## What is expected
There is a line containing "Megachilid Bee" in the records below. Repeat it and every line after it, exactly, through the final line, but no pictures.

## Input records
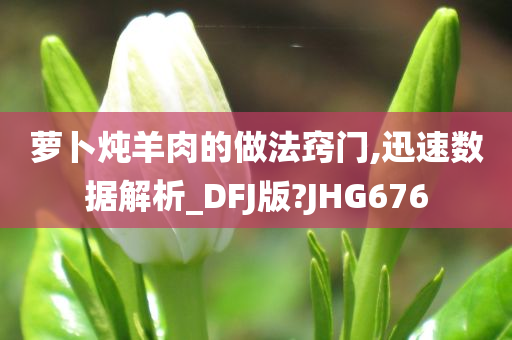 萝卜炖羊肉的做法窍门,迅速数据解析_DFJ版?JHG676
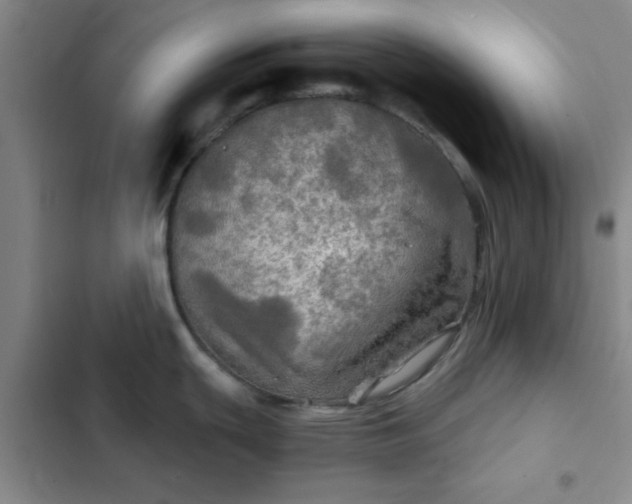 X0000102491439200808221720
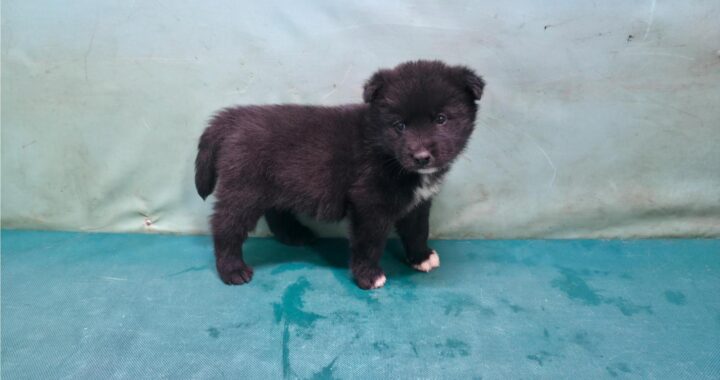 neugle pet 경북 경산 2026 00153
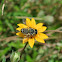 Megachilid Bee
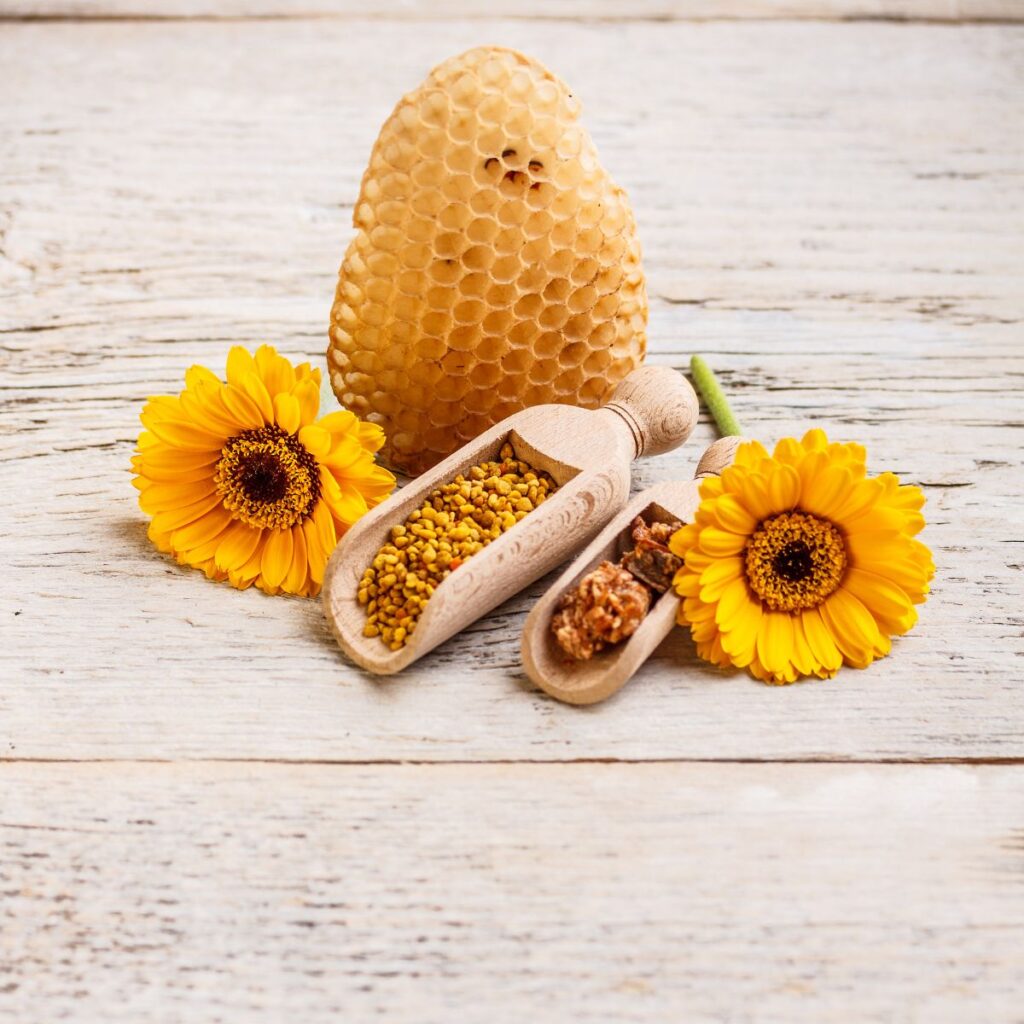 bee honey propolis benefits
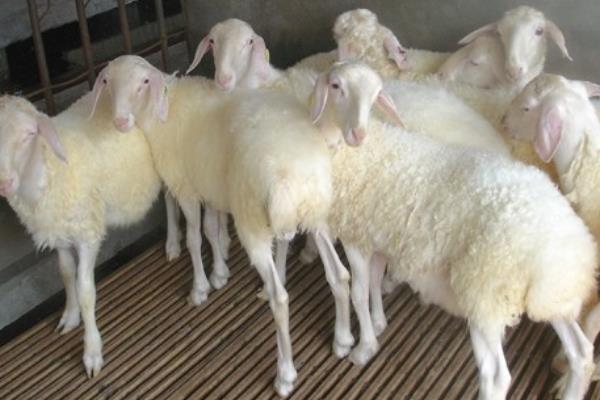 小尾寒羊的外形特征，身体呈圆筒形、前躯和后躯较发达
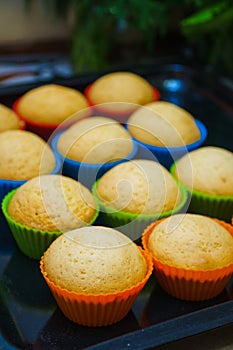 Cool freshly baked vanilla muffins on a metal sheet.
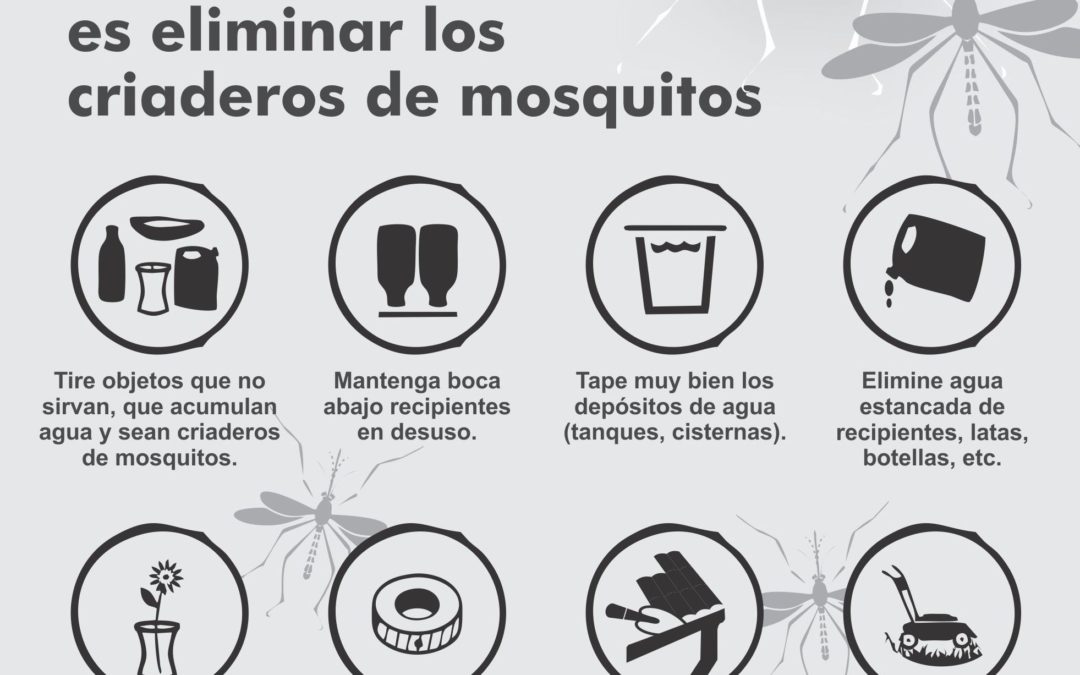 Salud: sin mosquitos no hay Dengue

## Output of the exercise
 Megachilid Bee
 bee honey propolis benefits
 小尾寒羊的外形特征，身体呈圆筒形、前躯和后躯较发达
 Cool freshly baked vanilla muffins on a metal sheet.
 Salud: sin mosquitos no hay Dengue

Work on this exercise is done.